Perspektiven (9): „Was nicht sein darf, kann nicht sein“

Die Lebenswirklichkeit sehbehinderter und blinder Menschen ist sehr unterschiedlich: Je nach Persönlichkeit und der individuellen Erfahrungen. Es spielt eine Rolle, wann das Sehen nachlässt, wie sehr man sich an Hilfsmittel gewöhnt hat, ob man von Familie und Freunden weiter wertgeschätzt wird, ob man Quellen hat, aus denen man Kraft schöpfen kann. julia bartz stellt in der Schweriner Volkszeitung Günter Holz vor:

Trotz der Hilfsmittel ist das Leben eines Blinden stark beeinträchtigt. Sogar nach zehn Jahren Sehbehinderung will sich Günter Holz noch nicht mit seinem Schicksal abfinden. „Ich wünsche mir so sehr mein Augenlicht zurück. Aber man muss damit umgehen lernen, auch wenn es schwer fällt“, sagt er. Es war ein Schock für ihn und für seine Angehörigen, als Günter Holz plötzlich erblindete. Für ihn war besonders in der ersten Zeit die Umstellung groß. „Ich bin oft gestürzt“, sagt er.

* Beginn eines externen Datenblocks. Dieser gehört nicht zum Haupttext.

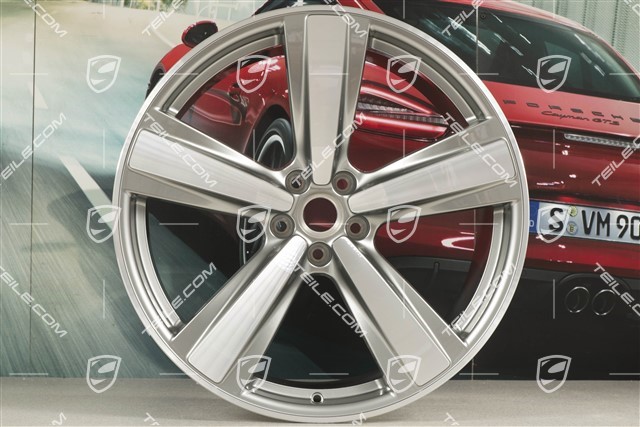 21-inch wheel rim "Exclusive Sport Design" 9,5J x 21 ET 27, platin silver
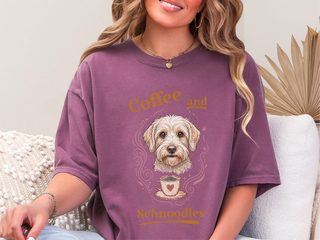 Coffee And Schnoodles doodle dog shirt - photo 3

Und dann gibt es Menschen wie MULGHETA RUSSOM, Deutschlands bestem Blindenfußballer, der in einem Bild-Artikel von THOMAS SULZER zitiert wird:

Durch den Blinden-Fußball habe ich mir alles wieder erobert, was mir der Fußball vorher gegeben hat. Ich fühle mich völlig frei auf dem Spielfeld.“ Ziemlich oft trainiert er bis zu vier Stunden am Tag. „Man muss“, sagt Russom, „ein bisschen einen Knall haben.“ Denn Blinden-Fußball ist gefährlicher als der Fußball für Otto-Normal-Verbraucher. Die Gefahr besteht eben, dass man mit einem Gegenspieler zusammenprallt. „Ich habe mir im vergangenen Jahr die Nase gebrochen und einen Zahn ausgeschlagen. Viele denken doch, wir würden dort Kullerball spielen, dabei ist das richtig harte Action.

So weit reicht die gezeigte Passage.